I prefer Oxalic acid vaporization or formic acid.


----------



## sqkcrk (Dec 10, 2005)

Hops is not beer. Hops is to beer as nectar is to honey. Don't pour stale beer into beehives thinking it will kill varroa mites.


----------



## jwcarlson (Feb 14, 2014)

sqkcrk said:


> Hops is not beer. Hops is to beer as nectar is to honey. Don't pour stale beer into beehives thinking it will kill varroa mites.


Too late. I'm starting a thread now. NO ONE SAID BEER WOULD DROWN MY BEES?!?!


----------



## crofter (May 5, 2011)

sqkcrk said:


> Hops is not beer. Hops is to beer as nectar is to honey. Don't pour stale beer into beehives thinking it will kill varroa mites.
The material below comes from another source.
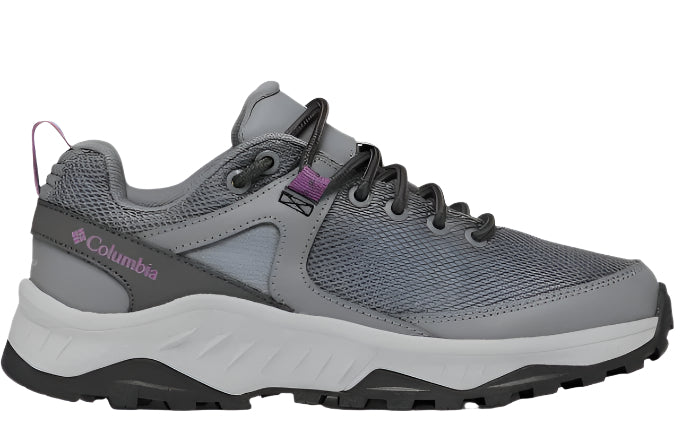 Columbia Women's Trailstorm Ascend Waterproof Hiking Shoes – Titanium Grey Steel/Dark Lavender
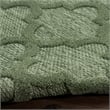 Pemberly Row Contemporary Easy Care Green Fabric Area Rug (4'x6')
I think if you include 3% oxalic acid to "activate it" that it might work Mark! But wait a minute, this is Aces job


----------



## BeeCurious (Aug 7, 2007)

jim lyon said:


> I think an OA trickle is probably more effective,'faster and cheaper.


This hasn't made an appearance for a while... 
I don't know about its effectiveness, but this dribble / trickle is very affordable.


----------



## sqkcrk (Dec 10, 2005)

I don't know anything about hops or beer, so I may be full of whatever is left over after a mammal has finished digesting what they ingest.


----------



## Maddy (Jan 20, 2014)

ericweller said:


> There isn't anything a beer cannot fix!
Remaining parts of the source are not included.